O secretário-geral da ONU deixou ontem a Líbia “profundamente preocupado e com o coração pesado” por causa da crise político-militar no país, dando a entender que será difícil travar a vontade do marechal Khalifa Haftar de marchar para Tripoli, a capital do país.

Numa mensagem publicada no Twitter, depois do encontro em Benghazi com Haftar, António Guterres disse ainda acreditar “na possibilidade de evitar uma luta sangrenta em Tripoli e nos arredores”, numa frase que dá a entender a probabilidade de continuarem os combates pelo controlo da capital entre as forças de Haftar, que domina, a partir do Leste, mais de metade do país, e as milícias aliadas do Governo de Fayez al-Sarraj.

O anúncio da ofensiva do Exército Nacional Líbio, comandado por Haftar, apanhou Guterres de surpresa nesta sua primeira visita à Líbia para preparar a Conferência Nacional sobre o futuro do país, marcada para 14 a 16 deste mês em Gadamés, oásis berbere junto à fronteira com a Tunísia e a Argélia.

“Fui surpreendido por uma série de movimentos militares e uma série de declarações públicas que, logicamente, causam uma grande preocupação”, disse Guterres em conferência de imprensa na quinta-feira, na capital líbia. O secretário-geral da ONU apelou “à contenção, à calma”, pedindo o desagravamento da tensão e sublinhando que “não há solução militar para os problemas da Líbia”.

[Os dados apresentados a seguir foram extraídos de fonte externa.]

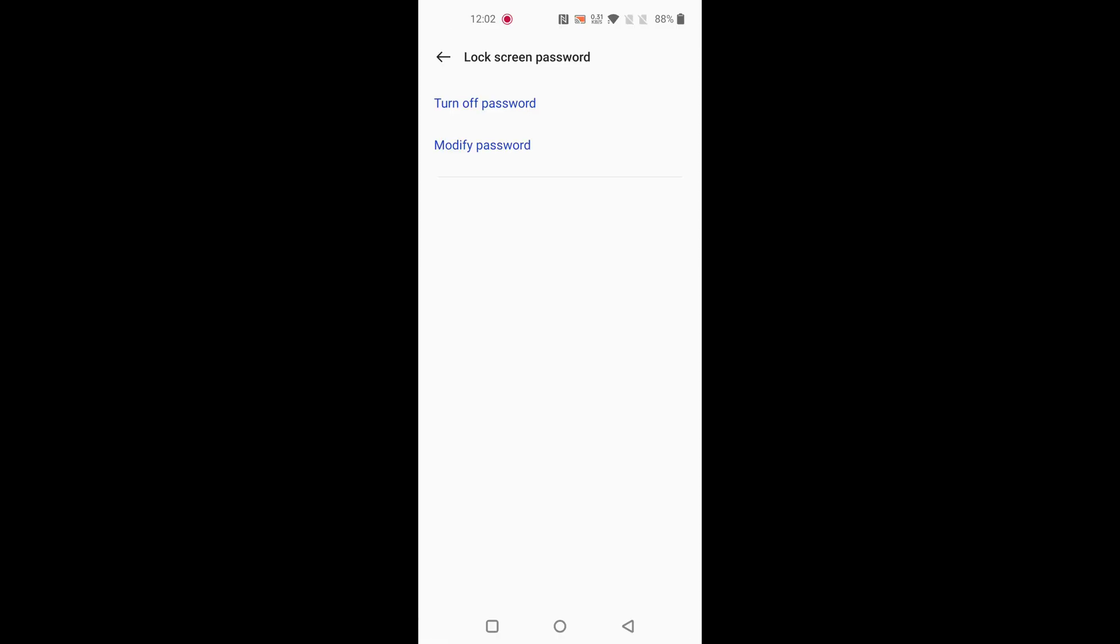Now unlock your phone using your current screen password or pattern lock. Now tap on modify.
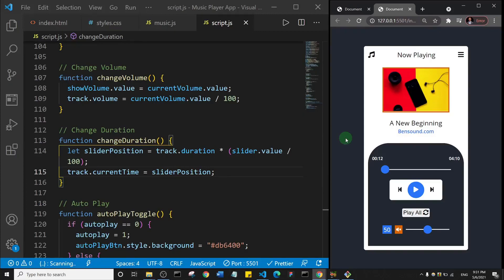Welcome back. In this section, what we're going to do is when we start playing a song, I want this slider to move in tandem with that song — in sync with it. So if the song is halfway, the slider should be somewhere in the middle. It should move every second, and that's what we're going to implement.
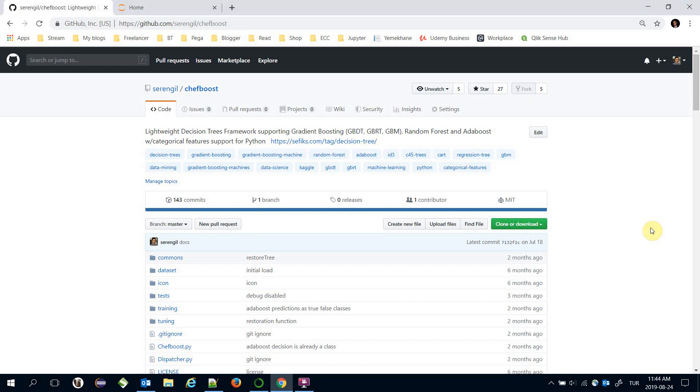It's similar to C4.5, it can handle both numerical and nominal features. The main difference between C4.5 and CART is C4.5 algorithm uses gain ratio metric in its calculations and CART algorithm uses gini index value in its calculations.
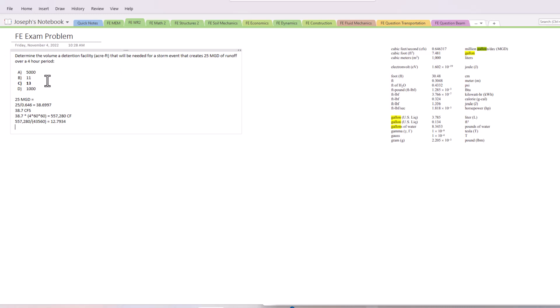sure your units line up correctly. We converted million gallons per day into CFS using this equation, then we got the four-hour period here. We multiply that out to get cubic feet, then divided by the acre conversion to get acre-feet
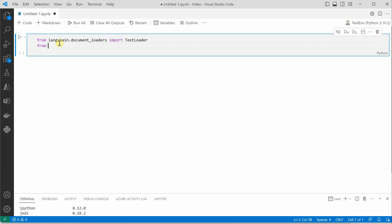Then we need one more thing for vectorization. So from langchain.indexes import VectorStoreIndexCreator.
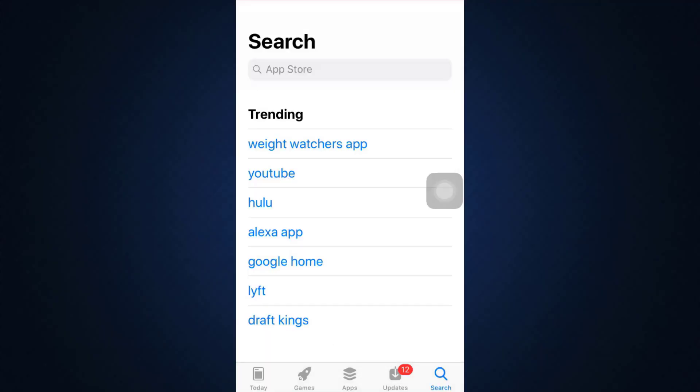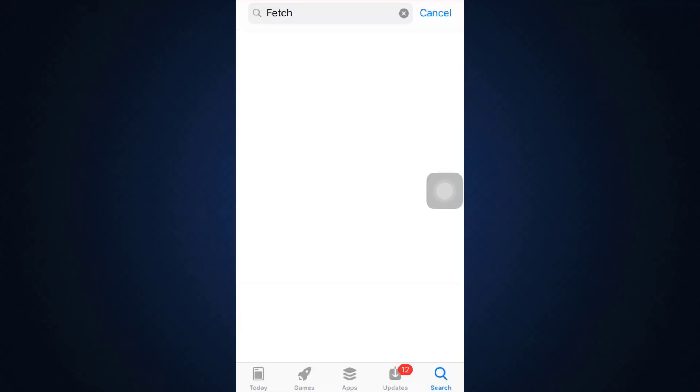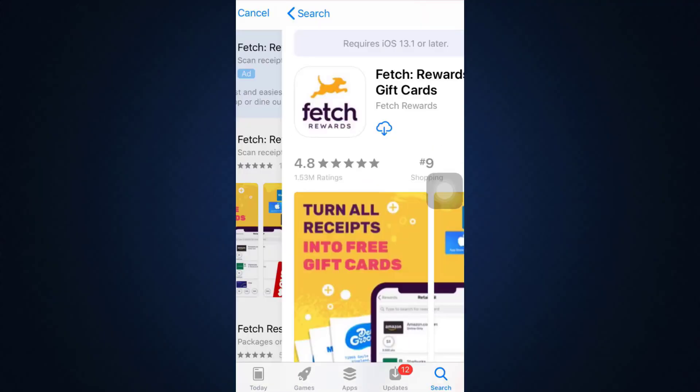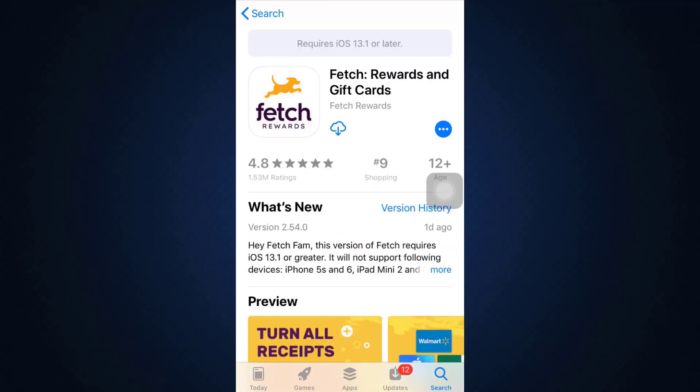On the search bar, type in Fetch, and as you do that you will see the app appear on your screen. So when the app appears on your screen, instead of the Get button or instead of the Download button, sometimes you're more likely to see an Update button.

Guterres reuniu-se com Haftar, depois de antes se ter encontrado em Tobruk, também no leste da Líbia, com Aguila Saleh, líder da Câmara dos Representantes, que também não reconhece o Governo de Al-Sarraj, apoiado pela ONU.

Se do encontro com Saleh ainda resultou um comunicado conjunto, embora sem grandes especificidades, da reunião com Haftar nem duas ou três linhas lacónicas. Só o tom pesado do secretário-geral da ONU que deixa transparecer a vontade do senhor da guerra do Leste em prosseguir os seus objectivos militares. “A ONU está empenhada em ajudar a encontrar uma solução política e, aconteça o que acontecer, está empenhada em ajudar o povo líbio”, escreveu Guterres.

Na quinta-feira, depois da conquista da cidade de Gharyan, 90 km a sul de Tripoli, o marechal que fez a revolução com Muammar Kadhafi no final dos anos 1960, mas depois se exilou nos Estados Unidos (onde viveu quase duas décadas e obteve a cidadania americana), disse aos seus homens que “chegou a hora” de avançar para a capital. À ofensiva chamou-lhe “Libertar Tripoli”.

Com o Conselho de Segurança reunido de emergência esta sexta-feira, a pedido do Reino Unido, as forças de Haftar eram travadas a uma trintena de quilómetros da capital líbia, em Zawiya, com 145 dos seus homens e 60 veículos capturados pelas forças próximas do Governo. A imprensa líbia fala ainda de combates na cidade de Aziza, cerca de 50 km a sudoeste da capital.

A mesma imprensa líbia que refere a fuga de vários chefes de milícias e alguns membros do Governo de Al-Sarraj para a Tunísia e a Turquia, com receio dos avanços dos homens que chegam do leste.

Al-Sarraj ordenou às milícias que apoiam o Executivo saído do Acordo Nacional Líbio de 2015 para estarem prontas “para enfrentar qualquer ameaça”, recebendo o apoio de vários senhores da guerra da Líbia Ocidental para “deter o avanço maldito dos apoiantes de Haftar”. Ontem, o primeiro-ministro visitou o checkpoint 27, na região de Wershiffana, onde o avanço das forças de Haftar em direcção a Tripoli foi travado depois de combates que duraram toda a noite. De acordo com fontes do Governo, mais de uma centena de homens do ENL foram feitos prisioneiros.

Se os combates prosseguirem no terreno, cai por terra o empenho das Nações Unidas para encontrar uma solução política para a Líbia – desde a queda de Khadafi dividida entre facções que fazem uso dos 20 milhões de armas deixadas pela guerra civil para manter o país no caos –, depois dos esforços para convencer todas as partes a sentarem-se à mesma mesa em Gadamés. A ONU prometera uma solução política líbia para um problema líbio, sem interferência estrangeira, mas o marechal Haftar parece mais inclinado para outro tipo de solução líbia, a das armas.